Pictures with short captions:
========================

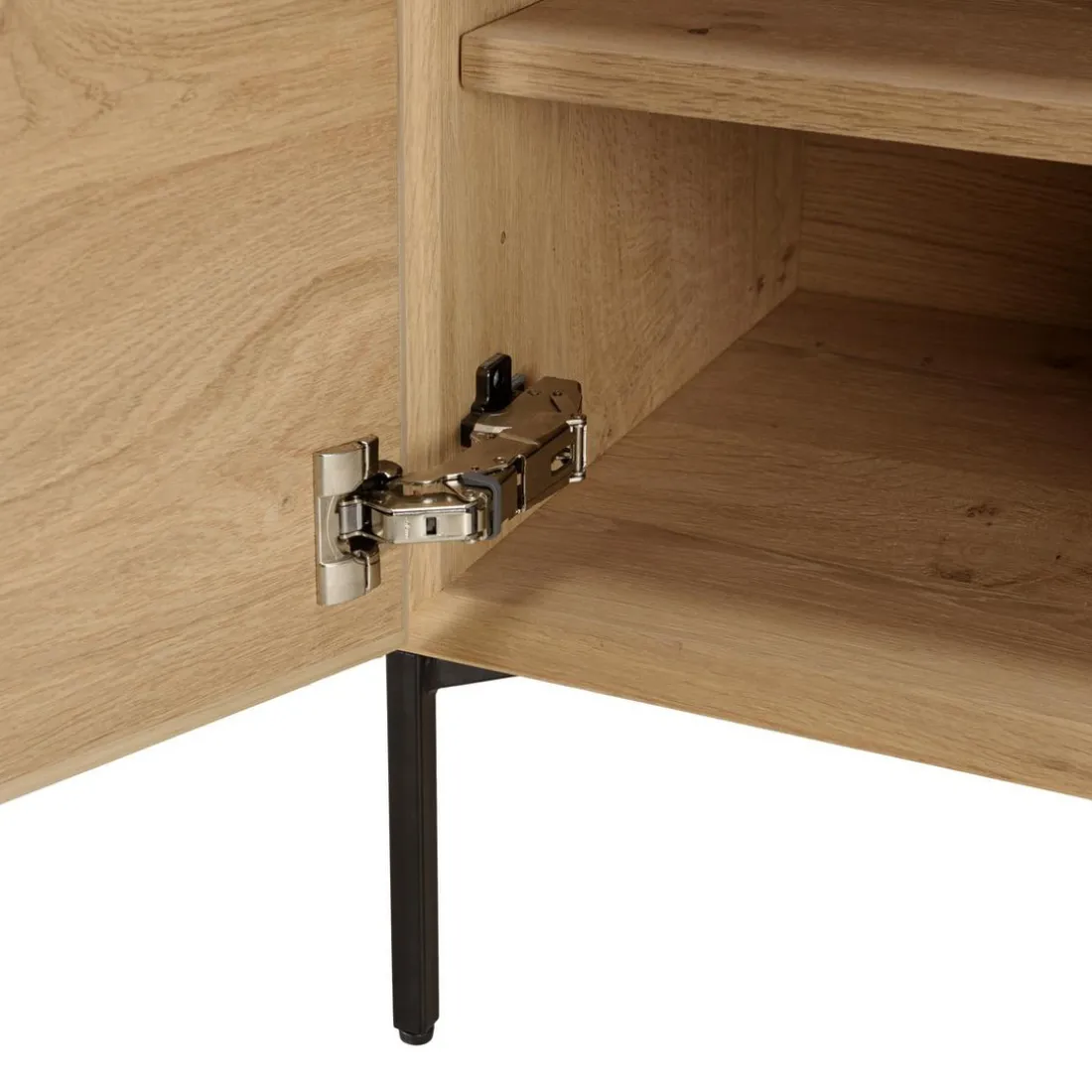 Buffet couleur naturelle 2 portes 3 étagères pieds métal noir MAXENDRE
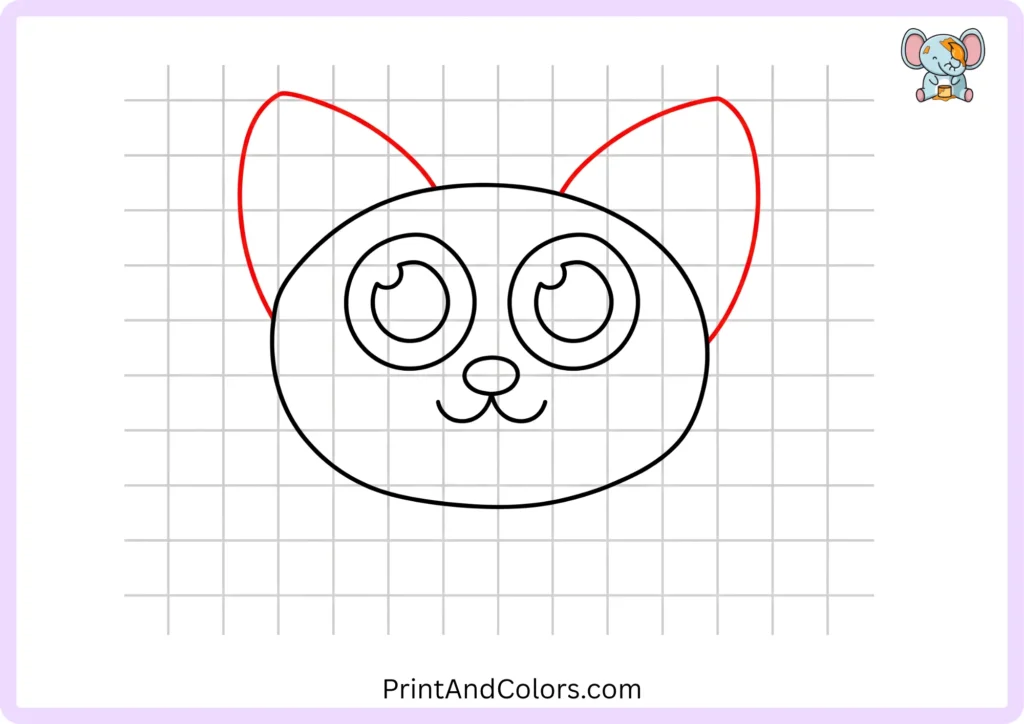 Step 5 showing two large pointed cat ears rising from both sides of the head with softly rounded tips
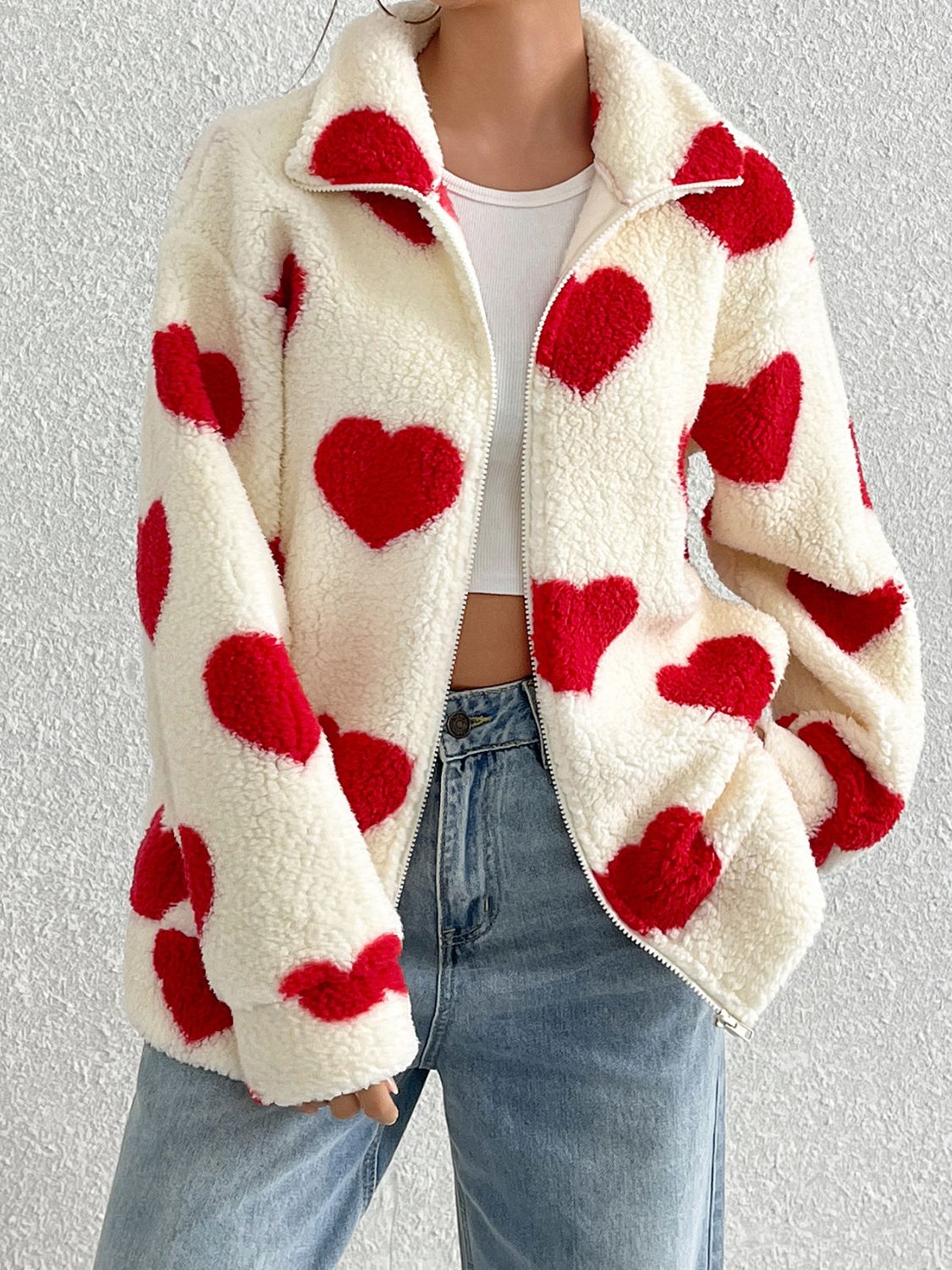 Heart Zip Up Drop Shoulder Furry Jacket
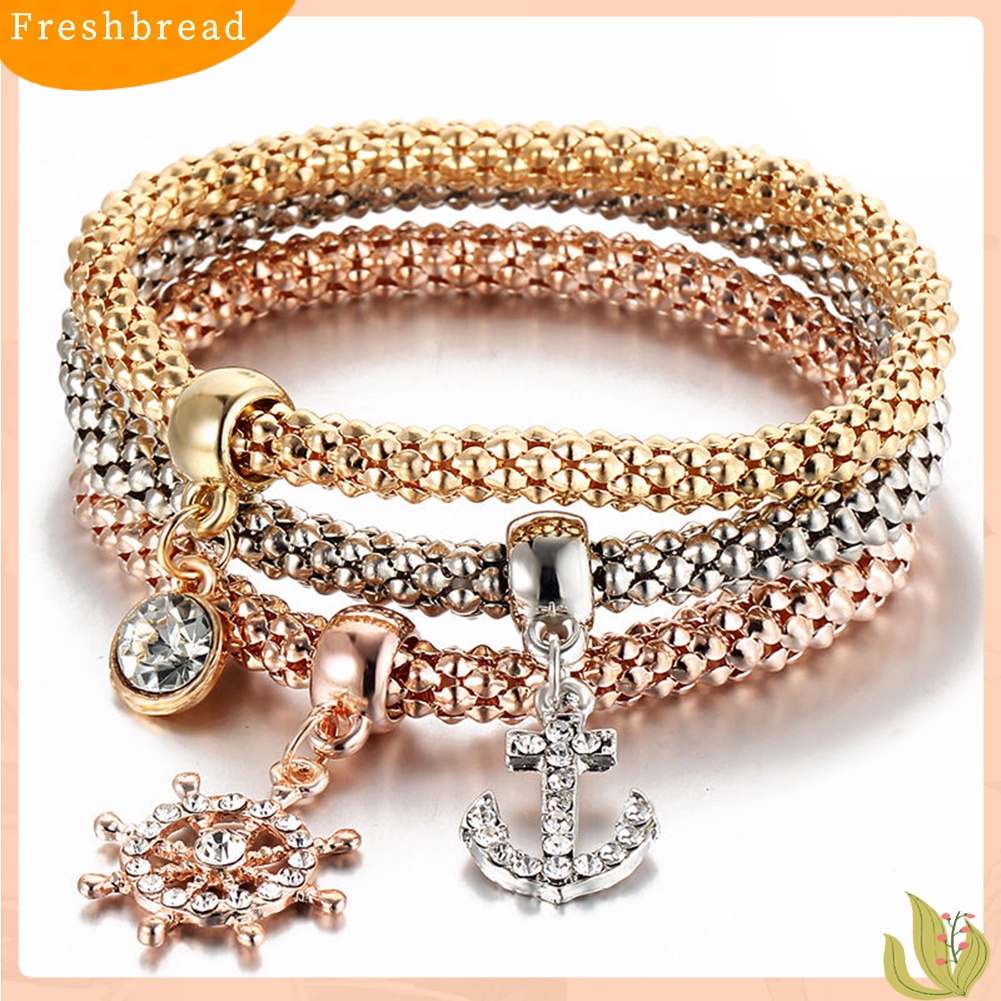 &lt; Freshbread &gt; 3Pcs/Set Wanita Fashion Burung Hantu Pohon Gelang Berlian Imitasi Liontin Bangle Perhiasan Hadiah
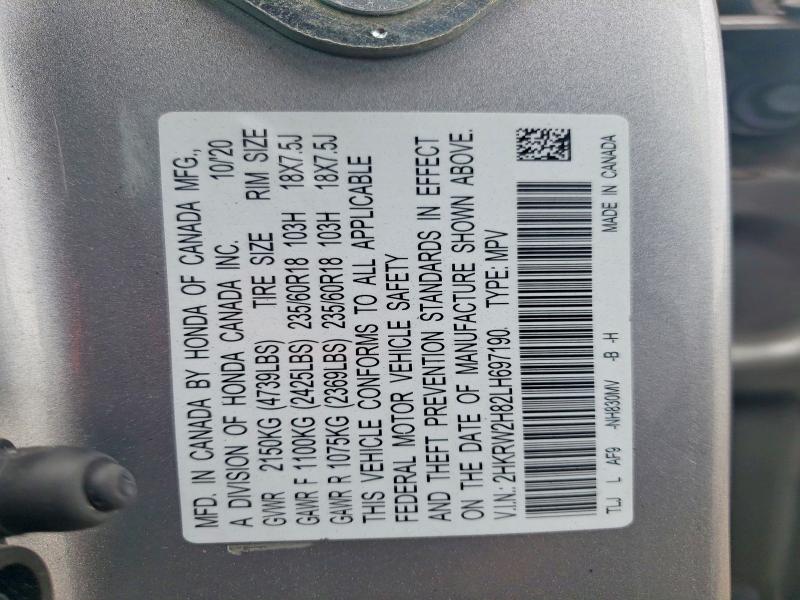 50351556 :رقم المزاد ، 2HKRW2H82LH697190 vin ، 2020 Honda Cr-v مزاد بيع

========================

ACTIVITY:
Please repeat, with no pictures, each line from the start of the records above through the line with "Heart Zip Up Drop Shoulder Furry Jacket", inclusive, and only those.

TASK OUTPUT:
 Buffet couleur naturelle 2 portes 3 étagères pieds métal noir MAXENDRE
 Step 5 showing two large pointed cat ears rising from both sides of the head with softly rounded tips
 Heart Zip Up Drop Shoulder Furry Jacket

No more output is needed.